As it happens, I warned it would be thus. Here, for example, is a foreboding excerpt from “Caricatures of the Prophet Muhammad Incite Fiery Rage, Part II,” February 6, 2006.
Muslims in Asia joined the protest that spread like wildfire throughout the Middle East last week after European newspapers published caricatures of the Prophet Muhammad by Danish cartoonists. Unfortunately, most Europeans seem as dumfounded by their grievance as the French were about the grievances that ignited a fiery rampage amongst Muslim youths three months ago.
I can understand how centuries of cultural arrogance made the French ignorant of (indeed inured to) simmering rage amongst disenfranchised, disillusioned, and disaffected Muslim youths. And, I can even understand how a gaggle of 12 cartoonists thought they had creative license to perpetrate this religious insult. I find it utterly deplorable, however, that European editors published these caricatures knowing full well that Muslims would consider them a desecration of their religion.

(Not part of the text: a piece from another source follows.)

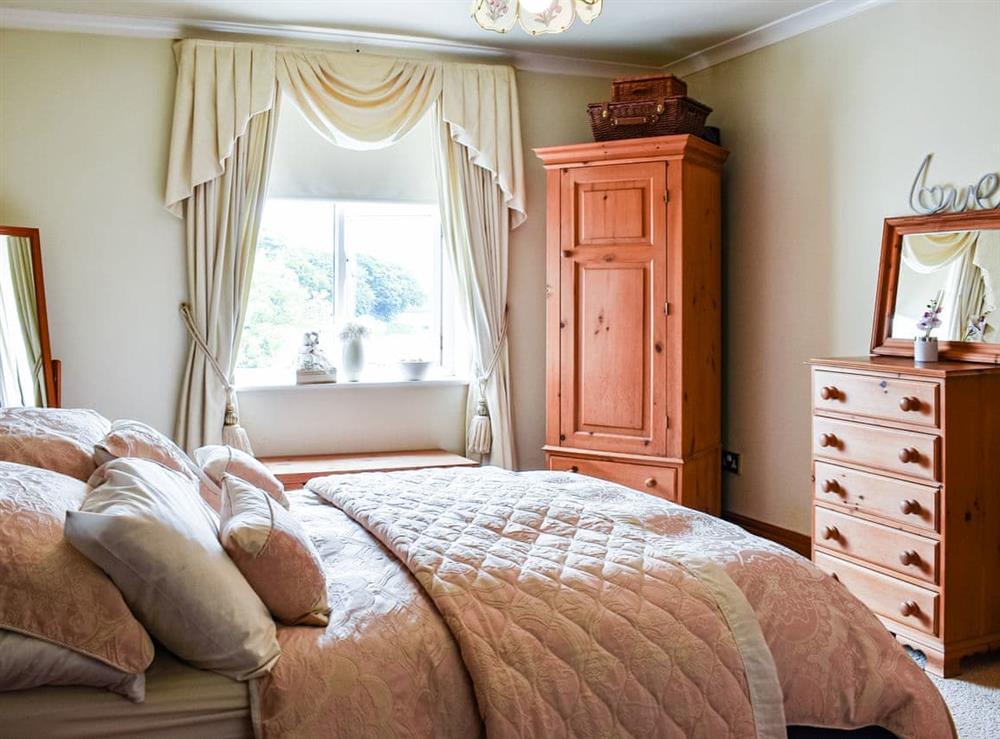 Double bedroom at Saswick Cottage in Roseacre, near Blackpool, Lancashire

This was a callous, pernicious and blasphemous provocation—made all the more craven by the specious justification that it was done in the spirit of freedom of the press.
This is why I’m eschewing the virtual activism now going viral under the banner, #Je Suis Charlie.
Instead, I feel constrained to note that those participating in this viral campaign appear too busy to be concerned about Boko Haram terrorists slaughtering another 100 innocents in Nigeria today. After all, this constitutes mocking, murderous defiance of the virtual activism against their unconscionable acts of terror, which went viral nine months ago under the banner, #Bringbackourgirls.
There’s no denying, though, that this attack will have a galvanizing effect on anti-Muslim sentiments that are becoming epidemic across Europe. And so onward we march towards The Clash of Civilizations Samuel Huntington warned about….
But I shall end here with two prevailing points:
• No amount of religious or cultural offense can ever justify the kind of jihadi justice meted out against Charlie Hebdo and its staff today -- no matter how repugnant, or indeed sacrilege, their offense.
• No amount of rhetoric or security measures can ever protect us from the wrath of fanatics who are hell-bent on acting out in this way to avenge grievances (real or perceived). We are all sitting ducks.
Accordingly, my thoughts and prayers go out to the loved ones of those killed and injured in today’s terrorist attack in Paris. I am all too mindful though that:
There but for the grace of God go I [… or you].